Before we continue, at least make sure you have these installed;

setuptools

pip install setuptools

Easily download, build, install, upgrade, and uninstall Python packages.

Setuptools is a collection of enhancements to the Python distutils that allow developers to more easily build and distribute Python packages, especially ones that have dependencies on other packages.

twine

pip install twine

Twine is a utility for publishing Python packages on PyPI.

It provides build system independent uploads of source and binary distribution artefacts for both new and existing projects.

You need to register on PyPi and have an account.

As aforementioned, I created a sample project on GitHub so that it’s easier to demonstrate how to publish your own packages on PyPI.

I have not mentioned wheel, which is a setuptools extension for building wheels that provide the bdist_wheel setuptools command.
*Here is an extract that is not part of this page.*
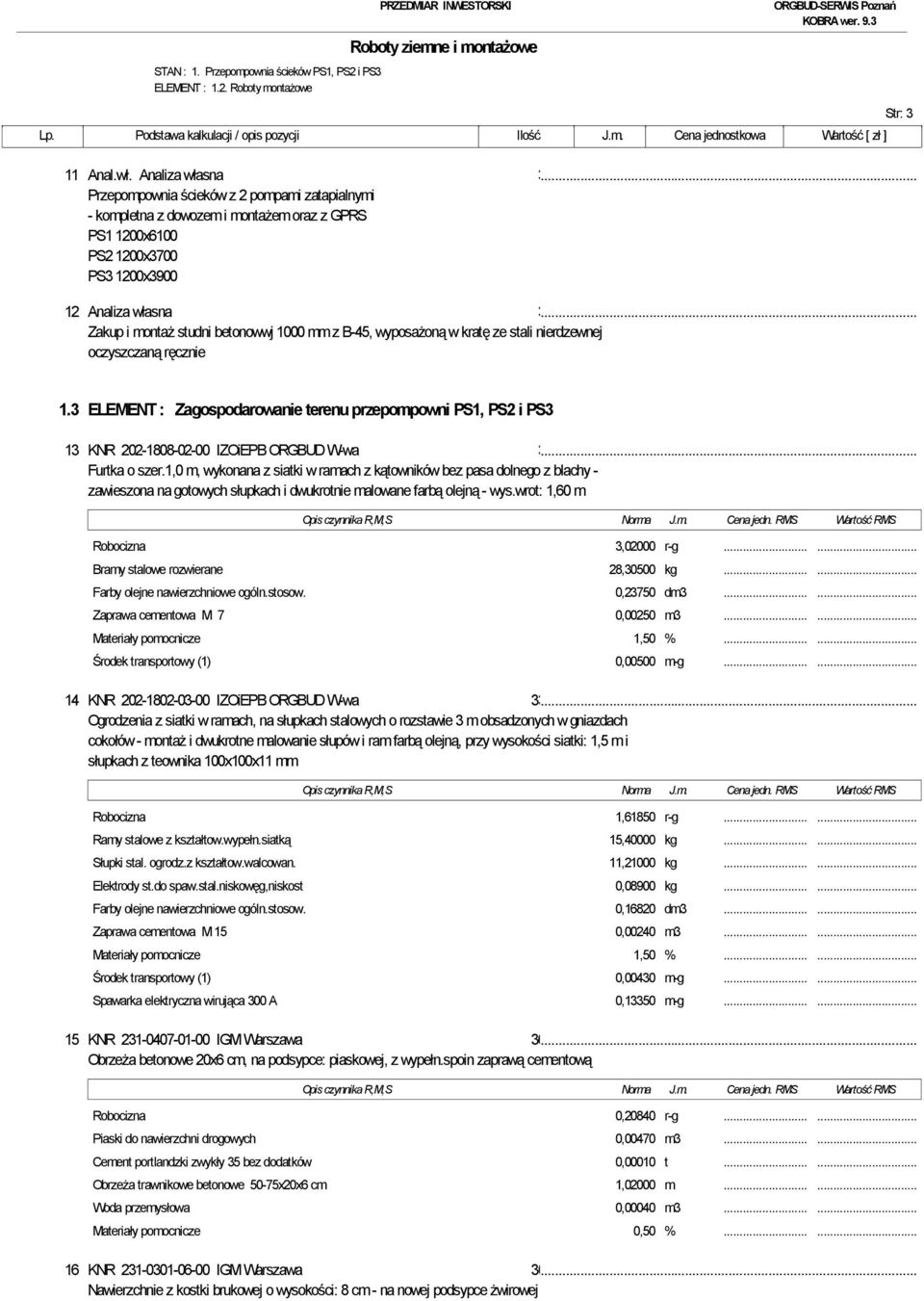 montaż studni betonowwj 1000 mm z B-45, wyposażoną w kratę ze stali nierdzewnej oczyszczaną ręcznie Str: 3 1.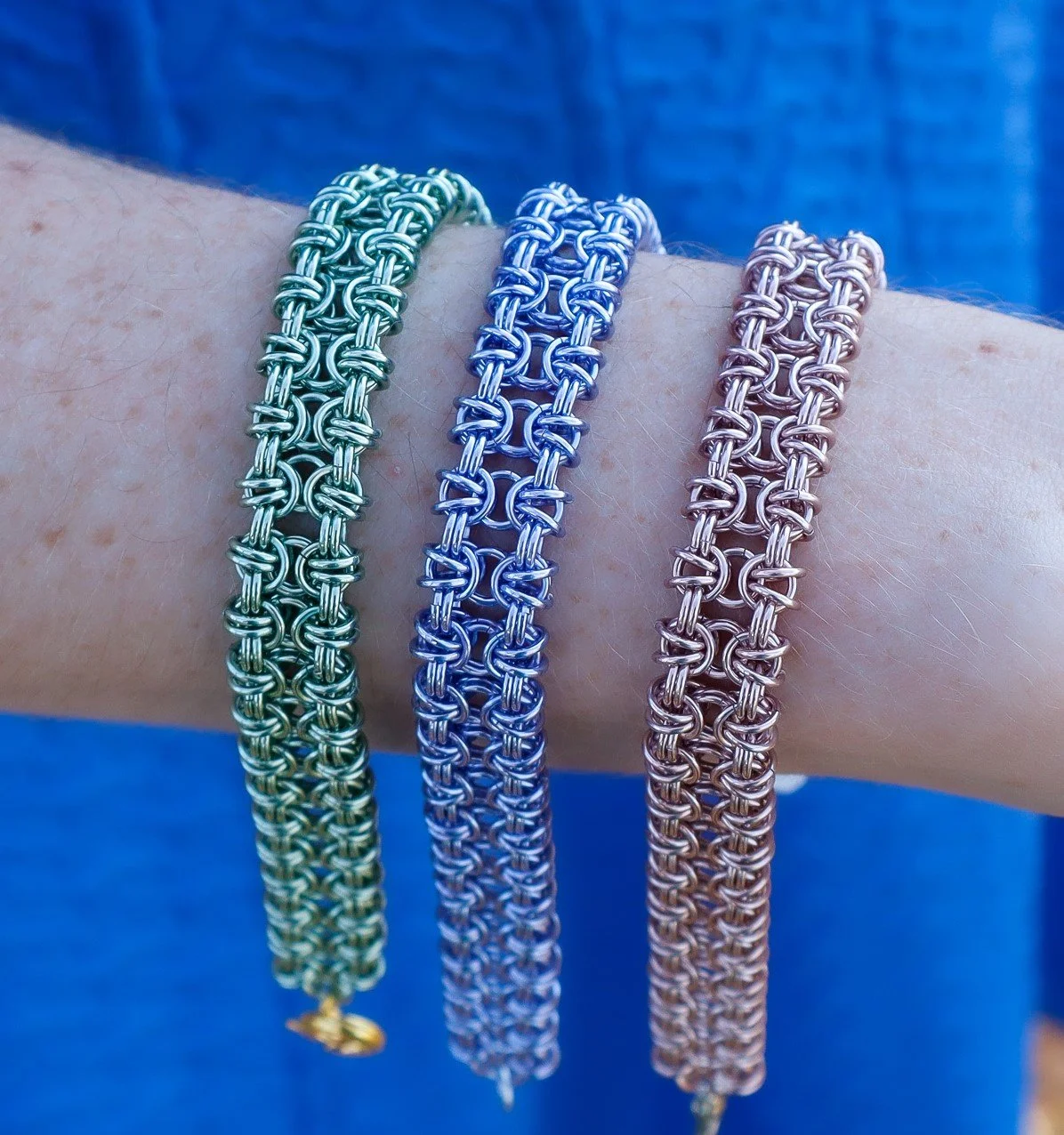 Colorful artisan handwoven Chainmaille bracelet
You can also pip install wheel if you don't have it.

🔸Set Up & Stracture;

The following files are expected and they will make our installations and uploads successful.

README.md;

It is highly recommended to include a README file where you should outline the basic functionality offered by your package. Additionally, you may also include installation instructions or a usage guide.

LICENSE;

It’s always best to include a license in the package you intend to make widely available.

setup.py;

This file should be placed in the top-level directory of your project structure. In this file, you can specify configurations for your Python project.

For example mine;

import pathlib
from setuptools import setup

# The directory containing this file
HERE = pathlib.Path(__file__).parent

# The text of the README file
README = (HERE / "README.md").read_text()
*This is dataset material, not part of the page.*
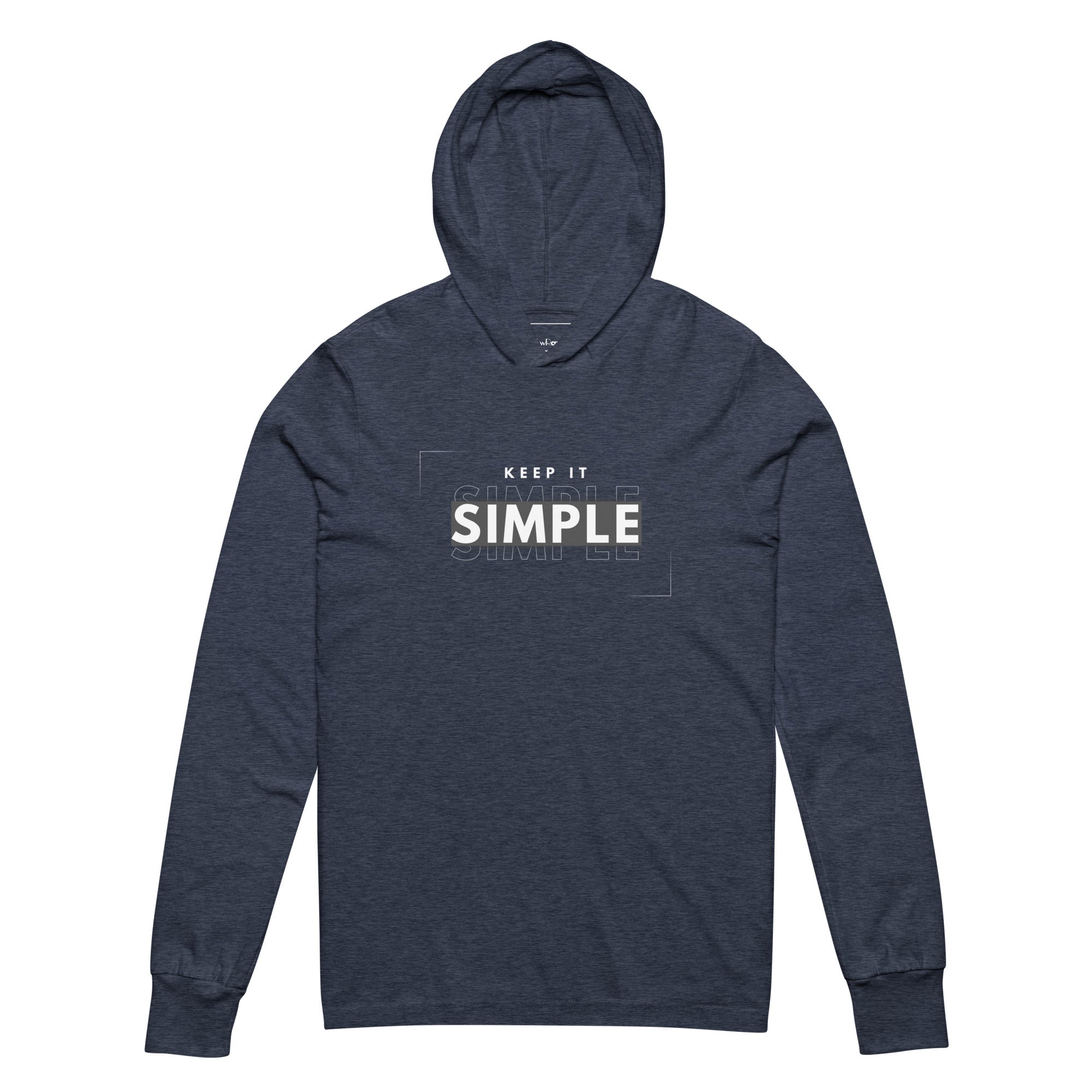 Unisex Hooded Long-Sleeve Tee | Keep It Simple Hooded long-sleeve tee AwRans Clothing unisex-hooded-long-sleeve-tee-heather-navy-front-67eb9381a4216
# This call to setup() does all the work
setup(
    name="urlToHTML",
    version="1.0.0",
    description="Auto save HTML files from URLs for Offline Viewing",
    long_description=README,
    long_description_content_type="text/markdown",
    keywords='HTML URLS Save Chrome Offline',
    url="https://github.com/Ronlin1/urlToHTML",
    author="Ronnie Atuhaire",
    author_email="ronlinx6@gmail.com",
    license="MIT",
    install_requires=[
          'requests',
      ],
    classifiers=[
        "License :: OSI Approved :: MIT License",
        "Programming Language :: Python :: 3",
        "Programming Language :: Python :: 3.10",
    ],
    packages=["urlToHTML"],
    include_package_data=True,
    package_dir={'/':'urlToHTML'}
)

setup.cfg;

The setup.cfg is an ini file, containing option defaults for setup.py commands.

For example;

[metadata]
description_file=README.md
license_files=LICENSE

src folder;

This contains all our project code. The sample I created basically saves an HTML file from the URL passed locally on the machine. I had initially intended it for my blogs and this is my code in this file;

By convention, Note it is good for the source folder to have the exact name of the main code file or module and I am naming mine to urlToHTML

import requests

class Blog:        
    def save(self, url, file):
        try:
            response = requests.get(url, allow_redirects=True)
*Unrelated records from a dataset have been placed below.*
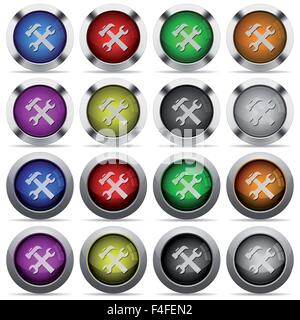 Set of 16 round glossy color tools web buttons with shadows. Fully organized layer structure and color swatches. Easy to recolor Stock Vector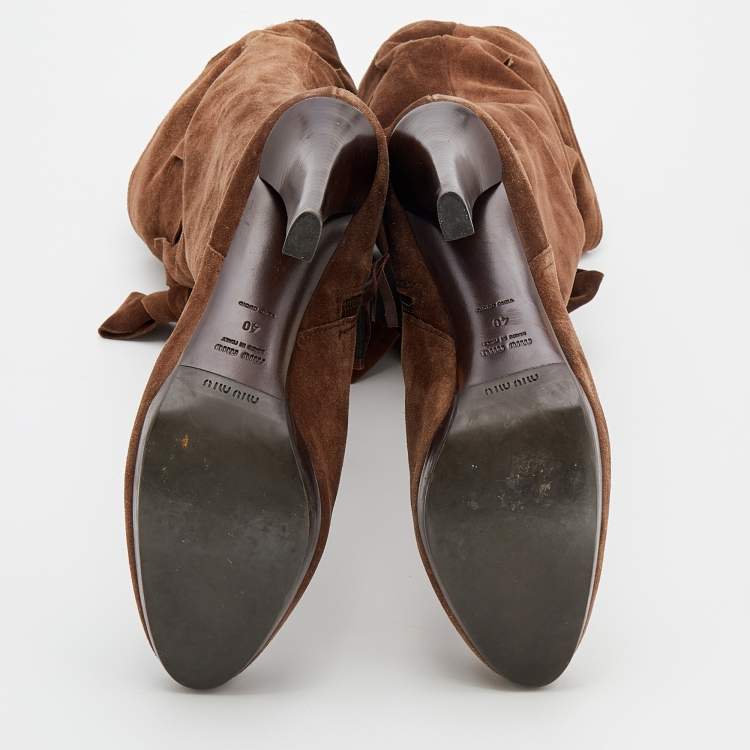 Pre Owned Miu Miu Brown Suede Knee Length Boots Size 40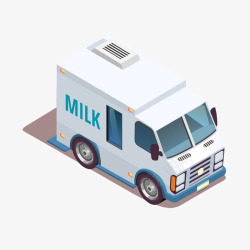 卡通版白色的牛奶车素材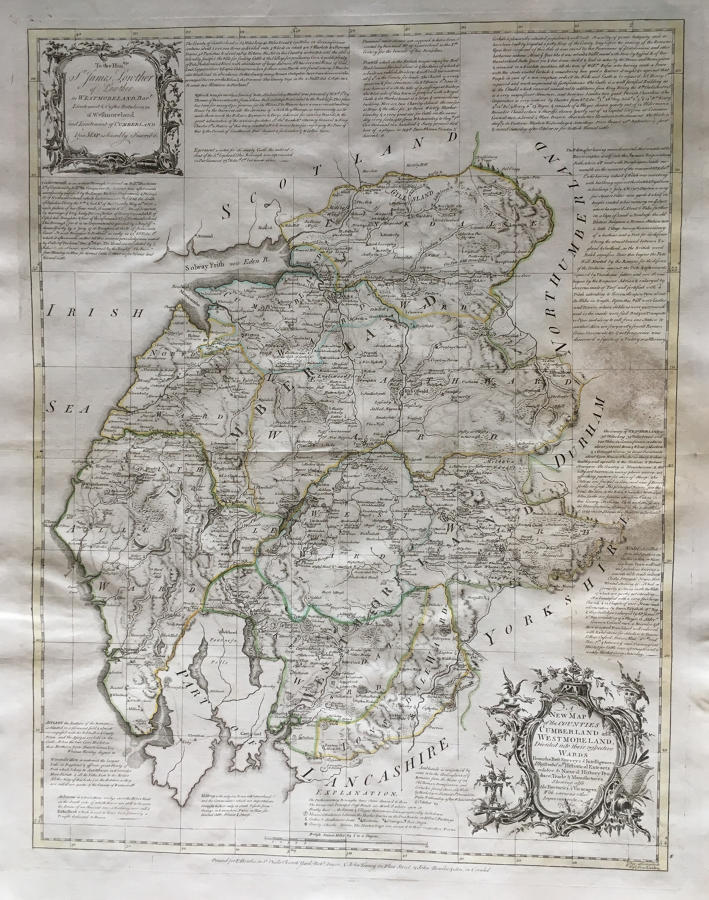 Bowen - A New Map of Cumberland / Westmorelan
            with open(file + ".html", 'wb') as output:
                output.write(response.content)
            print("--DONE--")
        except Exception as e:
            print("Error : ",e)

✔ PyPI Upload

Now we just need to publish our package on PyPI so that other users can install it on their local machines.

Note that from our example, the package depends on the requests library and this dependency is explicitly specified in the setup.py file. Therefore, when users install your package using say pip, the specified dependencies will also be installed.

💨 Create the source distribution of the package
Now that our source code is structured and contains all the required files for packaging we can go ahead and create the source distribution.

A source distribution — commonly referred to as sdist — is a distribution that contains the setup.py file along with the source code and data files (as specified in the setup.py and/or setup.cfg)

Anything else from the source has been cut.